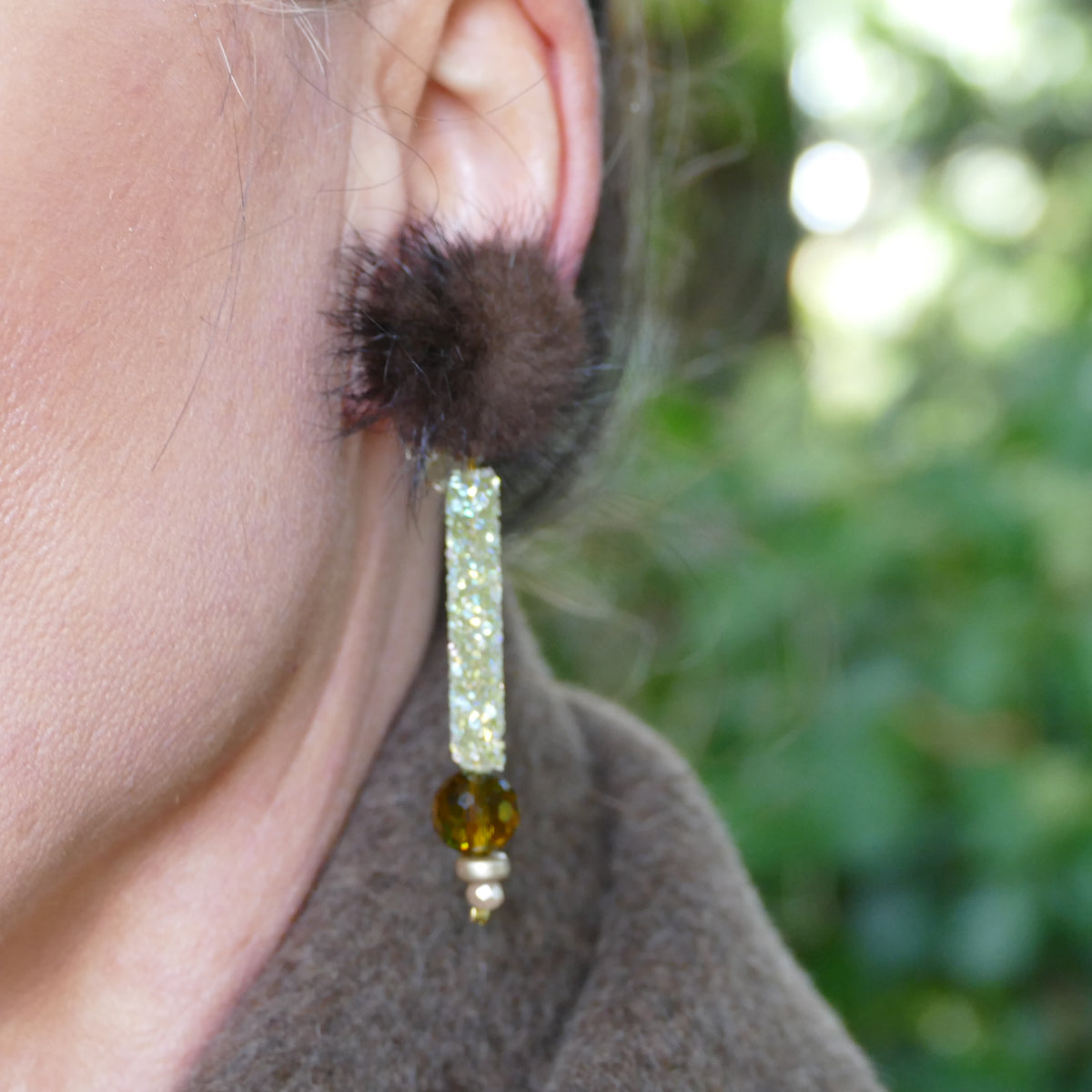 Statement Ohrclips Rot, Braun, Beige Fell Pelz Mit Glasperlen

== == ==

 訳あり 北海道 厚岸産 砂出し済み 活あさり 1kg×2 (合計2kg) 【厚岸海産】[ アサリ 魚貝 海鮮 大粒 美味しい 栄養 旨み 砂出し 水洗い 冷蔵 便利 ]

== == ==

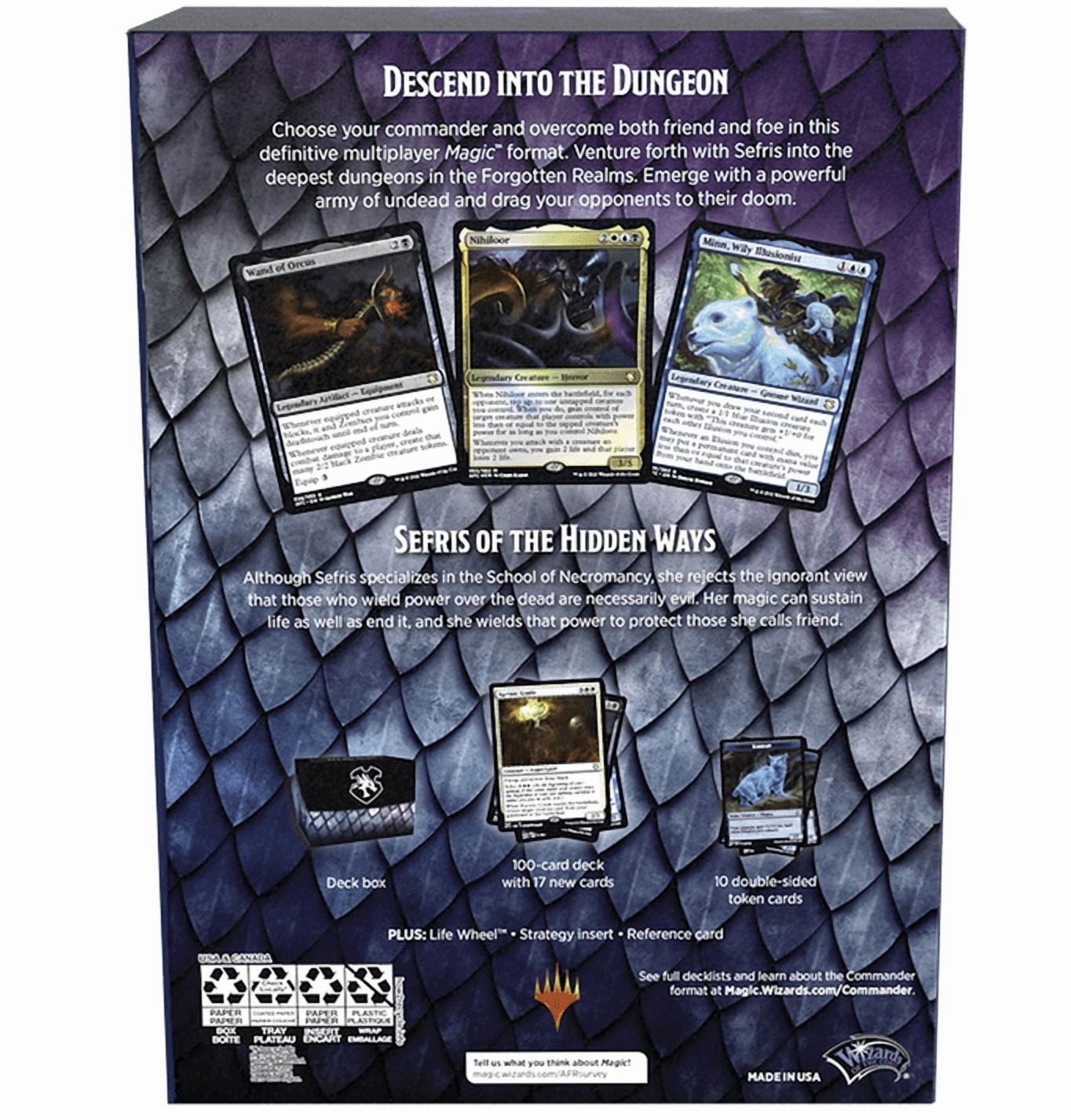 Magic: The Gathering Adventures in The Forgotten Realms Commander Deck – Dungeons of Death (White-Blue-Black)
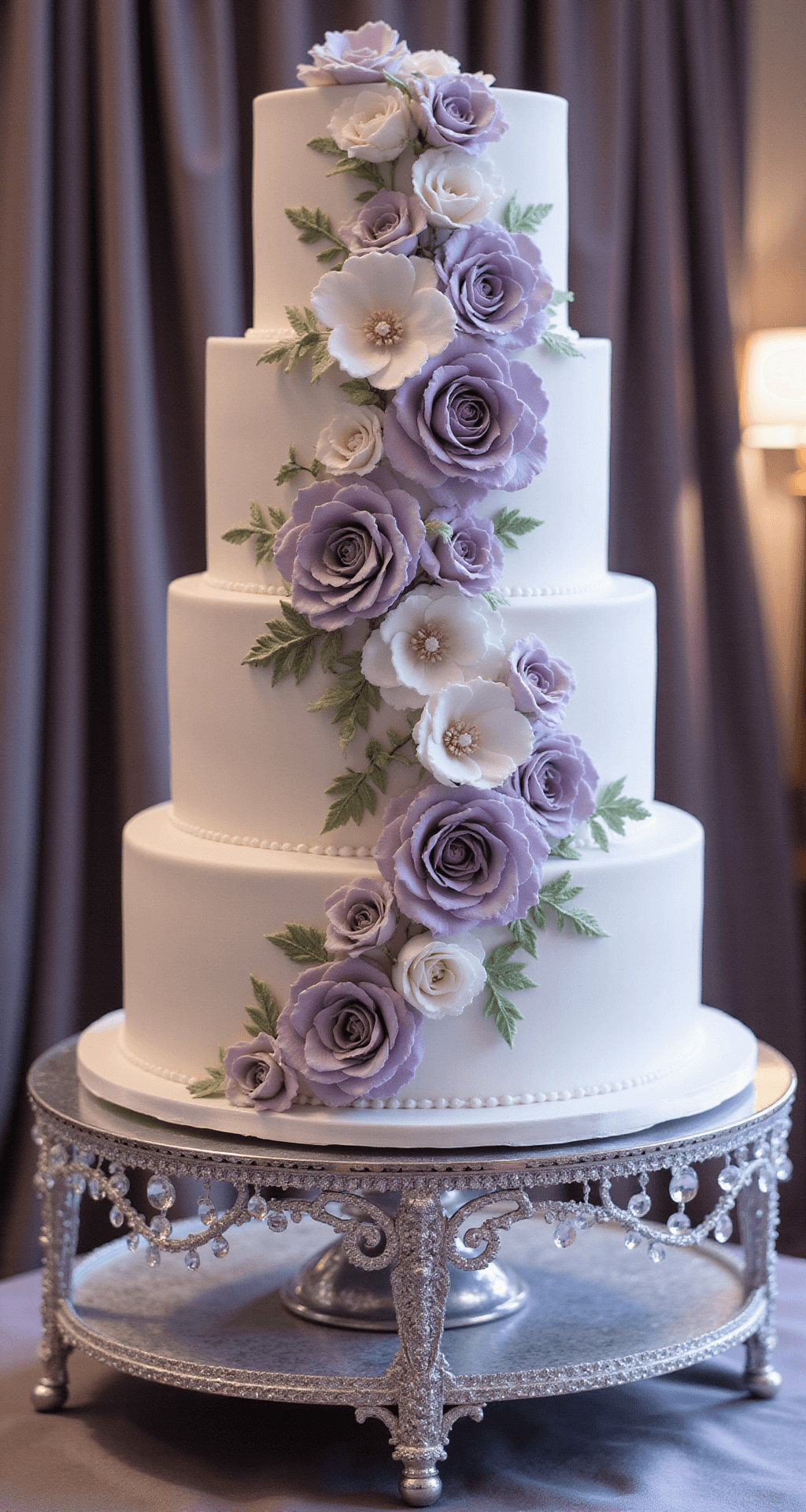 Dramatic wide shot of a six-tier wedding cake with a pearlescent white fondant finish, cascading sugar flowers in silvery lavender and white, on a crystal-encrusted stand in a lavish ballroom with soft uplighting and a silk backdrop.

== == ==

# Work task:
Take only the lines above from the one that has "Magic: The Gathering" through the one that has "Dramatic wide shot" and reproduce them exactly, omitting any pictures.

# Worked solution:
 Magic: The Gathering Adventures in The Forgotten Realms Commander Deck – Dungeons of Death (White-Blue-Black)
 Dramatic wide shot of a six-tier wedding cake with a pearlescent white fondant finish, cascading sugar flowers in silvery lavender and white, on a crystal-encrusted stand in a lavish ballroom with soft uplighting and a silk backdrop.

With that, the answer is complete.